Music For Fans (11): Tropicalia – A Brazilian Revolution In Sound

Various Artists
Tropicalia – A Brazilian Revolution In Sound
Soul Jazz Records 2005

 

Kein Mensch weiß, was in Brasilien in den nächsten fünf Wochen los sein wird. Werden die Hunderttausende, die bereits vor einem Jahr auf den Straßen zum Ausdruck brachten, dass es ihnen nicht so recht einleuchtet, dass ihre Forderungen nach mehr Bildung, sozialer Gerechtigkeit und dem Ausbau des Gesundheitssystems und der Infrastruktur zwar seit vielen Jahren mit dem Hinweis auf mangelnde finanzielle Ressourcen abgeschmettert, aber gleichzeitig gigantische Summen für die WM ausgegeben werden, stillhalten, wie es die FIFA und die brasilianischen Organisatoren erwarten (bzw. erhoffen)?

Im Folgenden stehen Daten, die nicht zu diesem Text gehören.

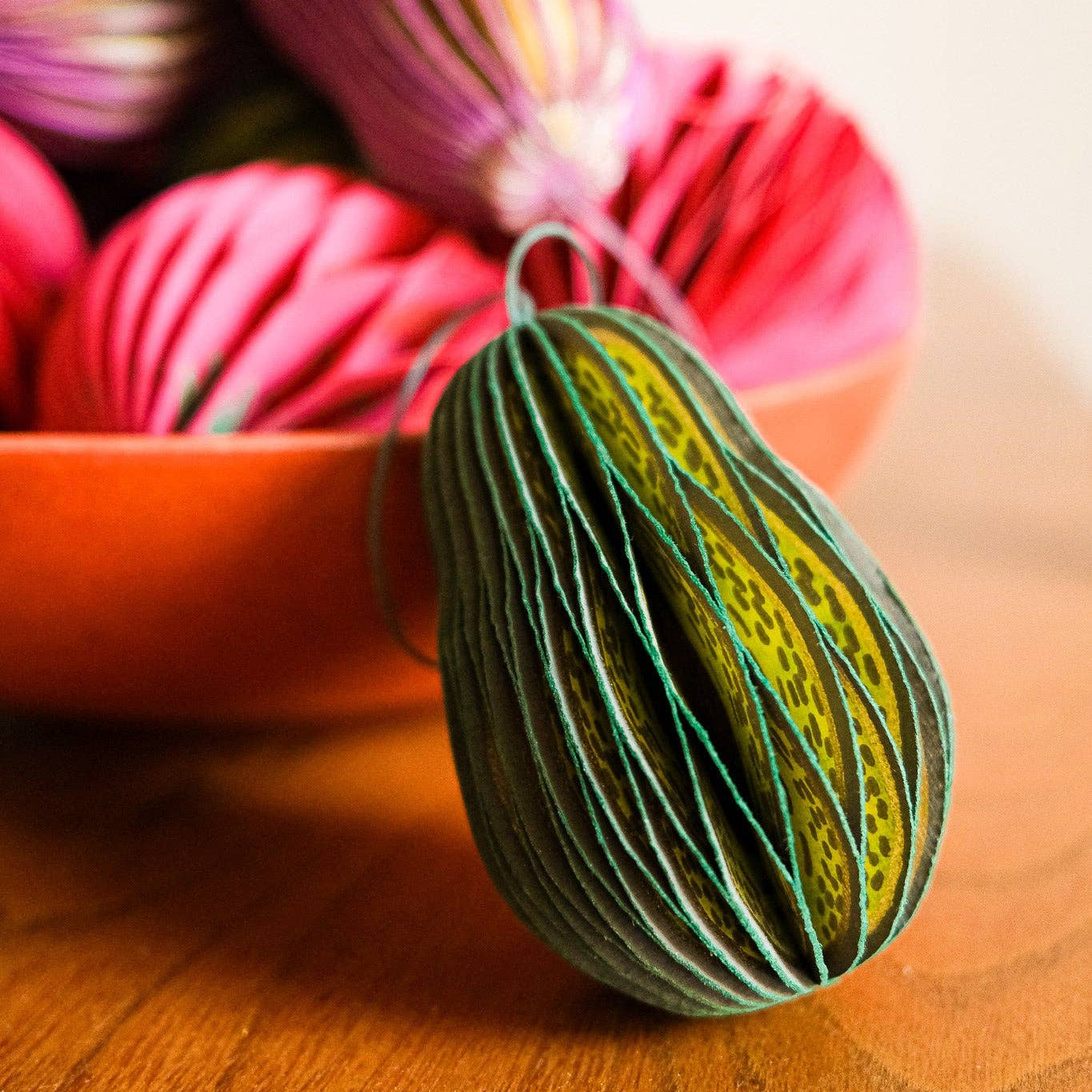 Avocado Honeycomb Ornament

Oder wird über das Land doch ein Sturm des Protestes hereinbrechen, von dem noch niemand weiß, was er anrichten wird?

 

Als Außenstehender (aber gibt es in einer globalisierten Welt, deren Globalisierung meistens nur noch die globalen Chancen derjenigen erhöht, die eh schon auf der Gewinnerseite stehen, überhaupt noch „Außenstehende“?), hofft man, dass irgendwie … beides geht: eine sportlich tolle WM mit einem demonstrativen „Rahmenprogramm“, das der Regierung keine andere Wahl lässt, als die o.a. Forderungen in Angriff zu nehmen. Oder bricht man die Sache nach einer Woche ab?

 

Geht’s hier nicht um Musik? Ach ja, richtig, Tropicalia! Da hätte ich doch fast vergessen, dass Brasilien von 1964 bis 1985 21 Jahre lang von einer Militärdiktatur regiert wurde, die Entführungen, Folter und Mord ebenso für legale Mittel zur Verhinderung einer kommunistischen Revolution betrachtete wie die Schurken in den Nachbarländern Argentinien und Chile.

 

Und es gab dieses eine Jahr 1968, in dem all die Musikerinnen und Musiker, die ursprünglich einmal den Bossa Nova als Sinnbild der entspannten brasilianischen Lebenskultur in die Welt geschickt hatten, ihn unter Hinzunahme von Rock, Soul, Funk, Psychedelia und orientalischen Elementen via codierten Texten hinaus ins Land schickten, um zu zeigen: Wir sind da. Und sie werden uns nicht kleinkriegen. Tropicalismo war geboren. Gilberto Gil, Caetano Veloso, Os Mutantes, Jorge Ben, Gal Costa, Chico Buarque, Tom Ze waren die Namen dazu.

 

Gilberto Gil und Caetano Veloso wurden inhaftiert und verbrachten danach zwei Jahre im Exil in London. Chico Buarque hatte ebenfalls die Militärdiktatur am Hals. Ihn verschlug es nach Italien. Und auch die Staatspräsidentin kennt die Unterdrückung nicht nur aus den Geschichtsbüchern: Dilma Rousseff gehörte dem Widerstand an und wanderte deswegen in den Knast. Heute steht sie wegen ihrer drastischen staatlichen Eingriffe in die Volkswirtschaft – vor allem in der Energiepolitik – in der Kritik. Die Zeiten ändern sich. Und Belgien könnte Weltmeister werden.